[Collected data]
● ● ● ● ●
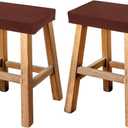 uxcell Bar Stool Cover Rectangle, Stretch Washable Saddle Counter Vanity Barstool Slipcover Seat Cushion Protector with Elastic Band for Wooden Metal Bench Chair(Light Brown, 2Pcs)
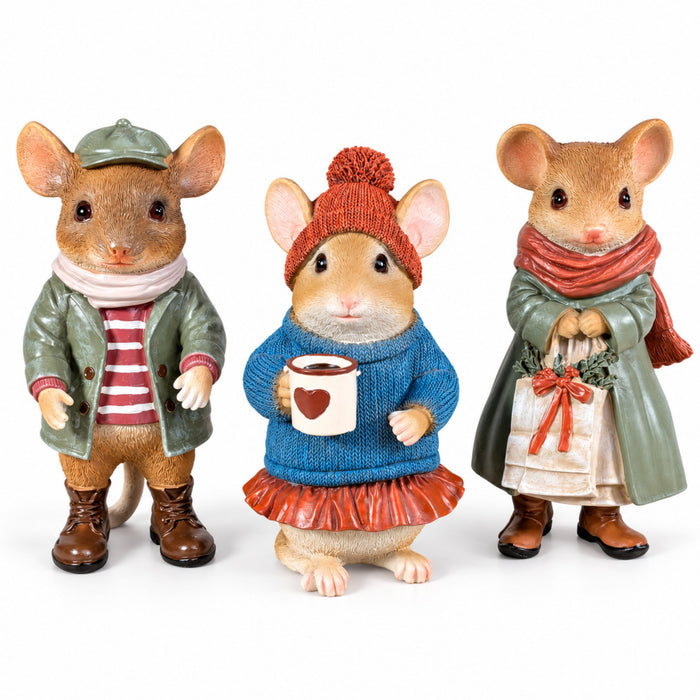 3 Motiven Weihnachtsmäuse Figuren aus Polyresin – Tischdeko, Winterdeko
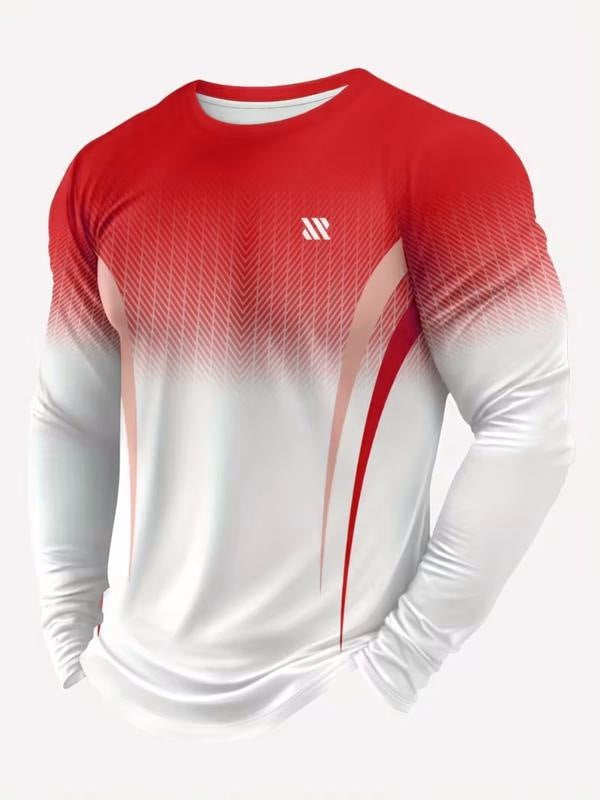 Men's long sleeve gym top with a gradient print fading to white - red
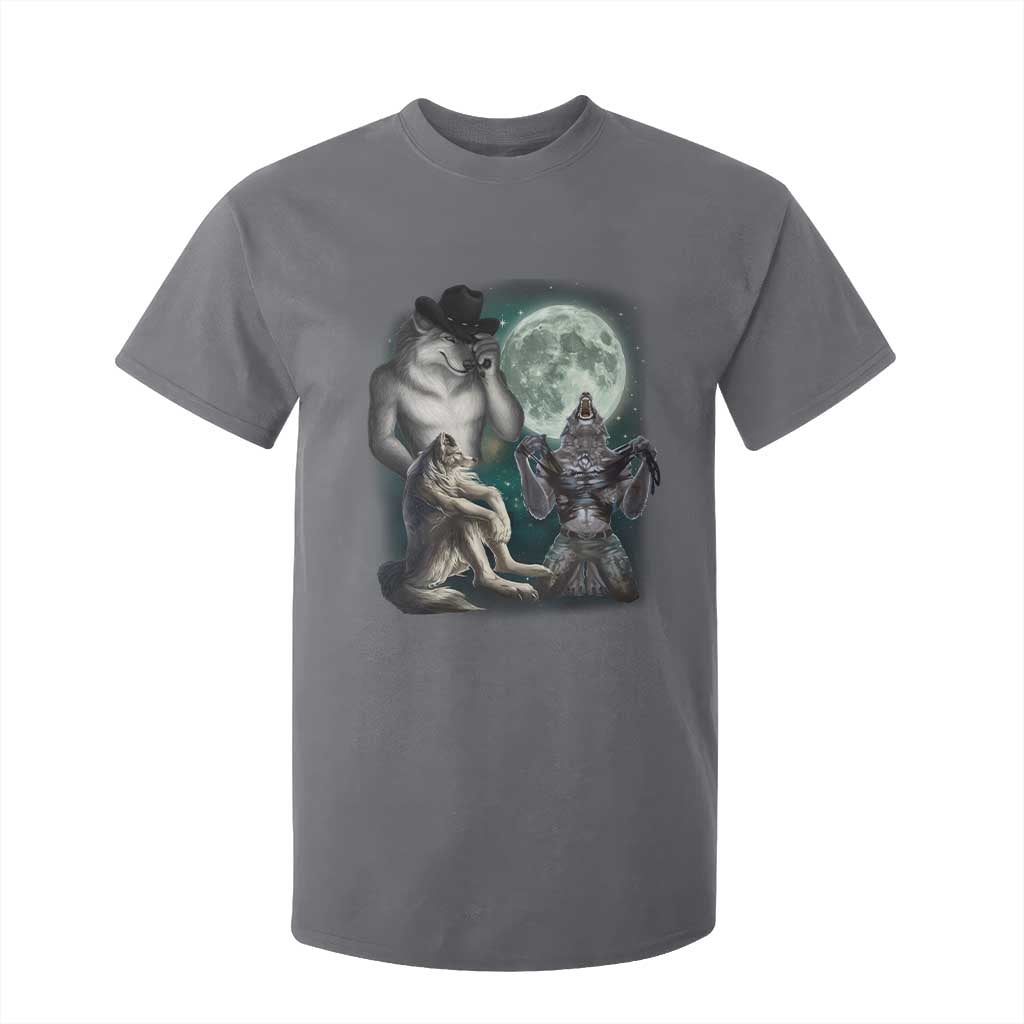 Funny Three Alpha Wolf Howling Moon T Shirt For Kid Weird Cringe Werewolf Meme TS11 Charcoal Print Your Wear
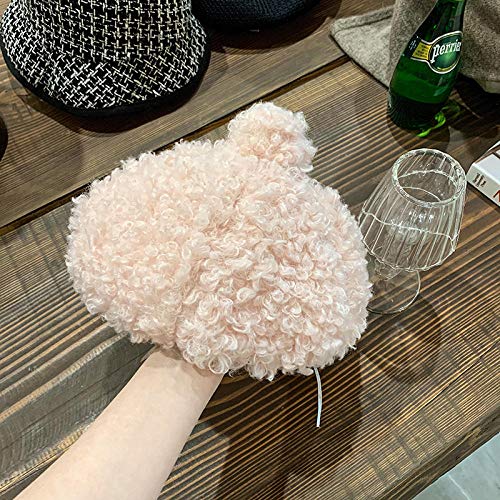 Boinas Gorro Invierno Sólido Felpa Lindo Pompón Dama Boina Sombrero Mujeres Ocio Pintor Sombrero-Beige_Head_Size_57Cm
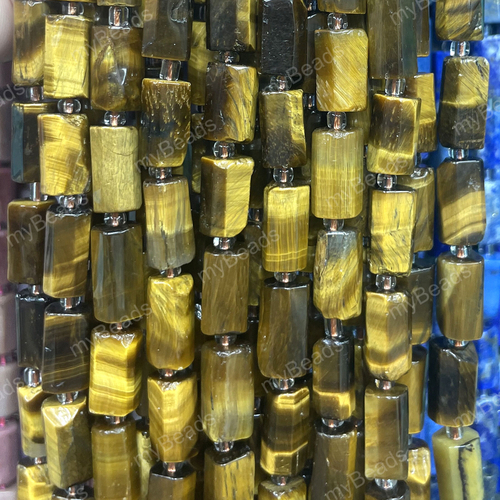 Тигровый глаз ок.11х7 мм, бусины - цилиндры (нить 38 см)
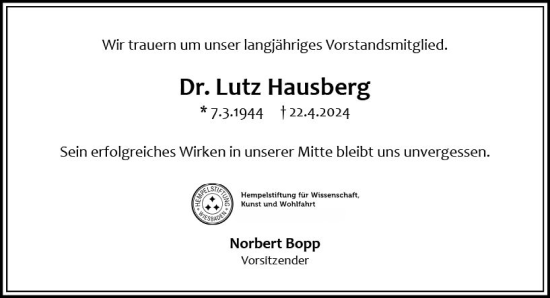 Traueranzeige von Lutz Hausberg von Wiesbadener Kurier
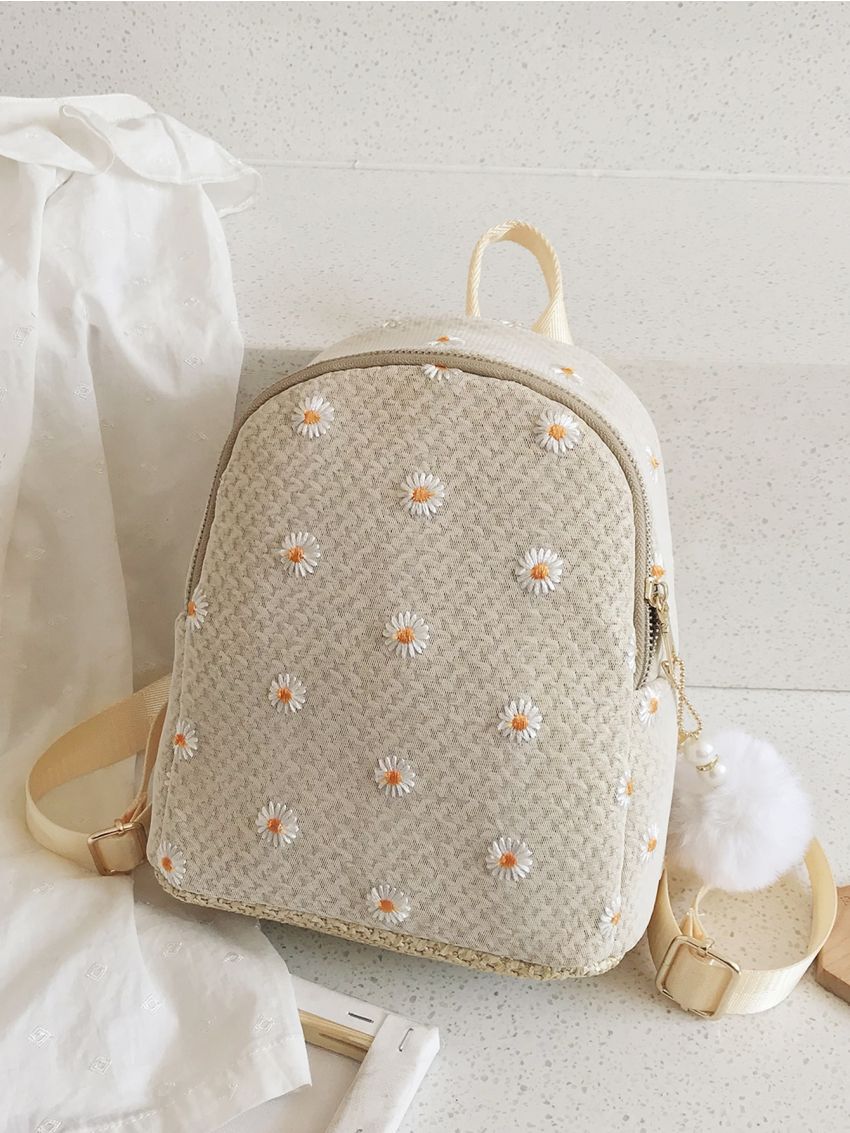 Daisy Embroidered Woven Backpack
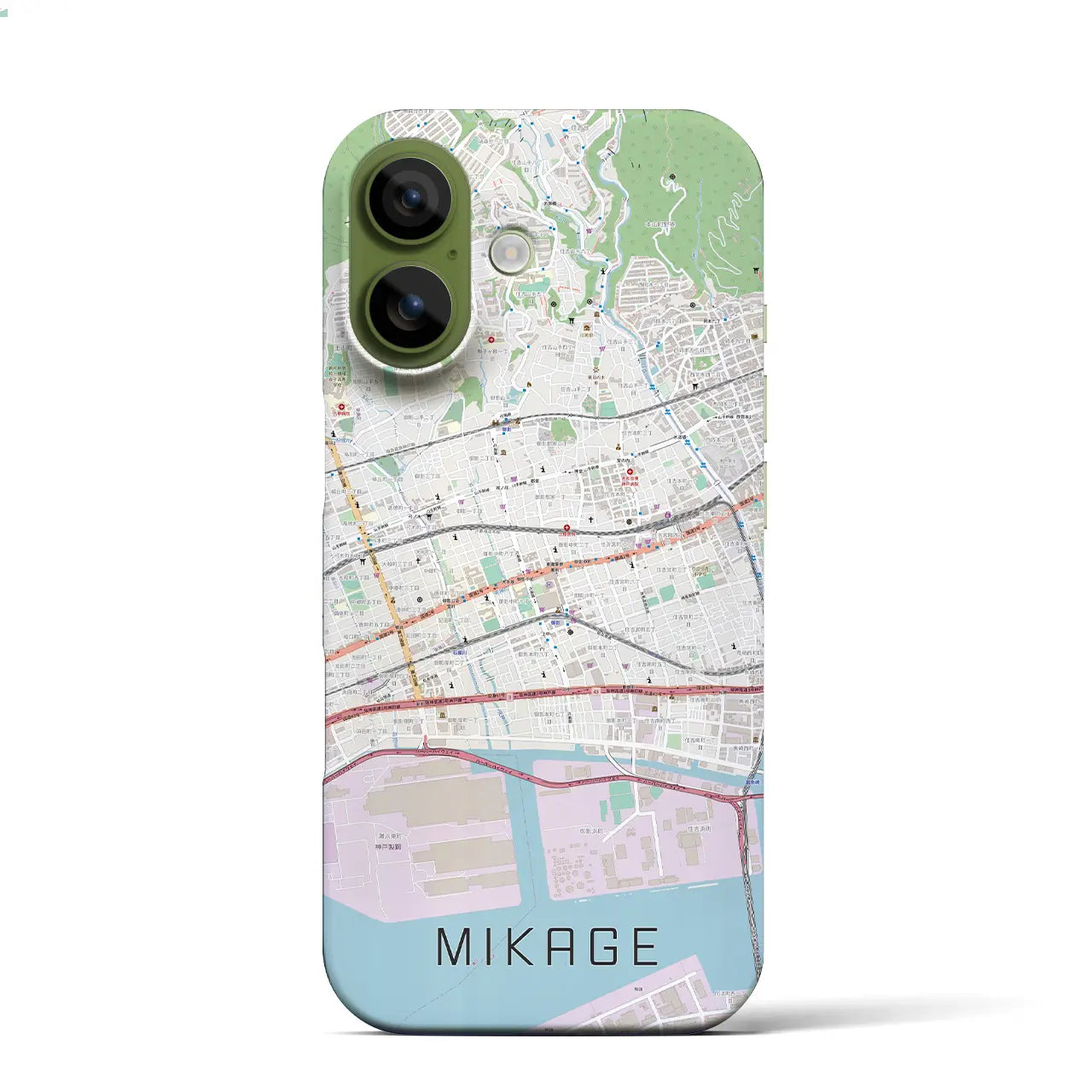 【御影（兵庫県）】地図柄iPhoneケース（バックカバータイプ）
● ● ● ● ●
## [About this exercise]
Reproduce each line of the records above, exactly and without pictures.

## [Answer section]
 uxcell Bar Stool Cover Rectangle, Stretch Washable Saddle Counter Vanity Barstool Slipcover Seat Cushion Protector with Elastic Band for Wooden Metal Bench Chair(Light Brown, 2Pcs)
 3 Motiven Weihnachtsmäuse Figuren aus Polyresin – Tischdeko, Winterdeko
 Men's long sleeve gym top with a gradient print fading to white - red
 Funny Three Alpha Wolf Howling Moon T Shirt For Kid Weird Cringe Werewolf Meme TS11 Charcoal Print Your Wear
 Boinas Gorro Invierno Sólido Felpa Lindo Pompón Dama Boina Sombrero Mujeres Ocio Pintor Sombrero-Beige_Head_Size_57Cm
 Тигровый глаз ок.11х7 мм, бусины - цилиндры (нить 38 см)
 Traueranzeige von Lutz Hausberg von Wiesbadener Kurier
 Daisy Embroidered Woven Backpack
 【御影（兵庫県）】地図柄iPhoneケース（バックカバータイプ）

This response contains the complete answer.